“Where I Grew Up Everyone Called Each Other…”
“Where I grew up, everyone called each other ‘nigger’ all the time. It was meant to be endearing, but I don’t think it’s healthy. Words have energy. If you were to refer to a child as ‘satan’ his entire life, how do you think he’d turn out? So I’m trying something new. Whenever I see someone, I refer to them as ‘mister’ or ‘missus.’ I’m trying to put that energy onto people.”
One of innumerable great images and insights chronicled on the fabulously rich website: “Humans of New York.”

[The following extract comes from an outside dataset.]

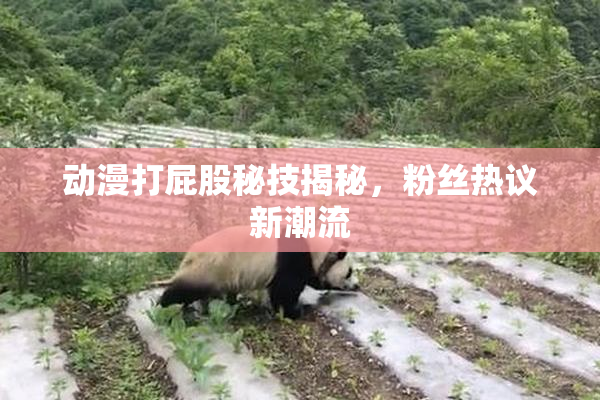 动漫打屁股秘技揭秘，粉丝热议新潮流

In Chapter 8 of Hope Sings, So Beautiful, I explore at length the (sacramental) power of language, ritual, and imagery in shaping our primordial experience of self, God, and others. Indeed, “words have energy,” and our language to no small extent makes our world, sometimes for better, and far too often for worse. The good news is, with the cultivation of critical awareness, we can choose what language-worlds we wish to inhabit and those we reject, not just for ourselves but with the aim of blessing others who pass within and through the energy-field of our speech. The above glimpse into one New Yorker’s life-story and learned wisdom is a beautiful case, it seems to me, of this empowering realization.
My thanks to Xavier University student Katherine Colborn, herself a fabulous artist, for alerting me to the site.